Tameri Etherton said...

Oh, the slippery slope of self-promotion. It's a necessary evil, but then again, like Joo said, too much is a complete turn off. What's right? What's wrong? When is it too much? I don't know since I'm not really there yet. I totally pimp my blog, but am I going to be as pimptastic once my book is out? Maybe not for many of the reasons you state. If someone doesn't read fantasy, then it would be silly to suggest it to them.

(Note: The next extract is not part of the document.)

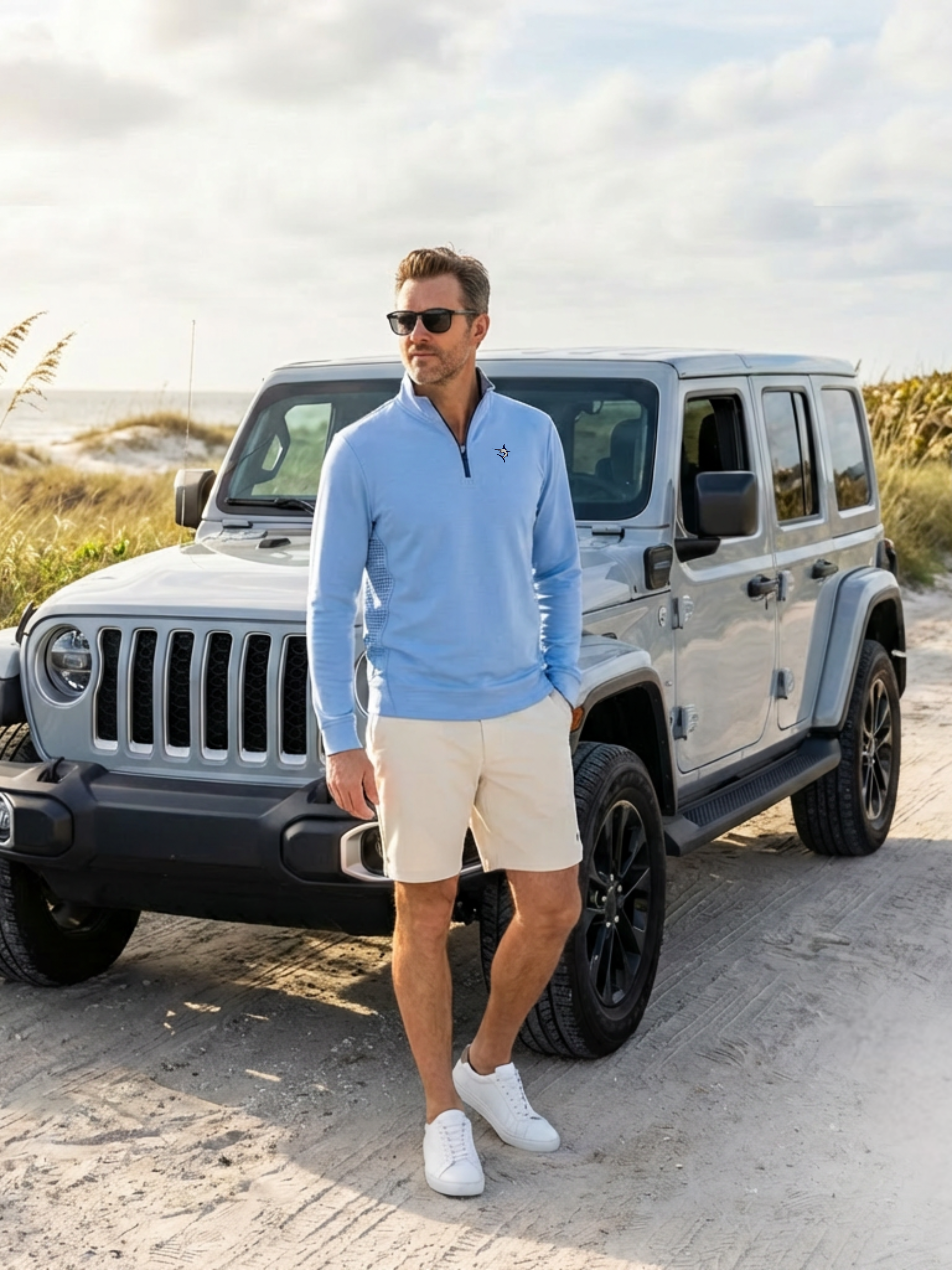 White Water Life Freeport Short Effortless Performance shorts in azure fabric with a relaxed fit and adjustable waistband.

People are interesting and weird. Beyond that, I got nothing.

Gayle Carline said...

I love my books. I believe in them. What's getting to me lately, I think, is Facebook. An author posts on his/her fanpage that their book is #1 on the Amazon Novels For Monkeys list. Great! Then they post the same info in Every. Group. I. Belong. To. Yes, they're reaching people who aren't on their fan page. But I want to yell, "Shut the F&^% Up!"

Hi, I'm Gayle and I've written a mystery. I think you'd love it.

Anonymous said...

Every. Damn. Group. It's a pain in my backside and clogs my inbox. Sadly, I turn off, and what ever interest I may have had in a particular author wanes. I'm sure this is not what they hope to accomplish. Personally, I've tried mediating on this. While I haven't come up with any great ideas, I'm pleasantly calmer and happier. It's a new road we're on. I trust that we will figure it out, it's just hard not to get discouraged! Hang in there, Gayle. I plan on enjoying "What Would Erma Do?" this evening over a glass of wine. Love ya!!!